Please write out, exactly as given, the line that contains "Local comercial en" and all lines that follow it through the end of the listing, and nothing else.

* **Records for this exercise**:
● ● ● ●

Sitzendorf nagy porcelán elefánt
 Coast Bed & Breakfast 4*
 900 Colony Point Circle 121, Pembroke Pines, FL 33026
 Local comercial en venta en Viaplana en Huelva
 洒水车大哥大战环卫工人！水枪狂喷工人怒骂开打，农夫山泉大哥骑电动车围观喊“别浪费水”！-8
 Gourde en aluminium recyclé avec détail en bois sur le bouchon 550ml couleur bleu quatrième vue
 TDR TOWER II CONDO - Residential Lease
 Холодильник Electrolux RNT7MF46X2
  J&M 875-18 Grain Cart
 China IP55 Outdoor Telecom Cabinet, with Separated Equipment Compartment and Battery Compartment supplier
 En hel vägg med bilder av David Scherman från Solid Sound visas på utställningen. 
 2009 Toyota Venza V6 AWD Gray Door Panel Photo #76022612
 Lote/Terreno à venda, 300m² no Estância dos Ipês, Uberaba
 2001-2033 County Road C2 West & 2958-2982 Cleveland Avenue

● ● ● ●

* **Task answer**:
 Local comercial en venta en Viaplana en Huelva
 洒水车大哥大战环卫工人！水枪狂喷工人怒骂开打，农夫山泉大哥骑电动车围观喊“别浪费水”！-8
 Gourde en aluminium recyclé avec détail en bois sur le bouchon 550ml couleur bleu quatrième vue
 TDR TOWER II CONDO - Residential Lease
 Холодильник Electrolux RNT7MF46X2
  J&M 875-18 Grain Cart
 China IP55 Outdoor Telecom Cabinet, with Separated Equipment Compartment and Battery Compartment supplier
 En hel vägg med bilder av David Scherman från Solid Sound visas på utställningen. 
 2009 Toyota Venza V6 AWD Gray Door Panel Photo #76022612
 Lote/Terreno à venda, 300m² no Estância dos Ipês, Uberaba
 2001-2033 County Road C2 West & 2958-2982 Cleveland Avenue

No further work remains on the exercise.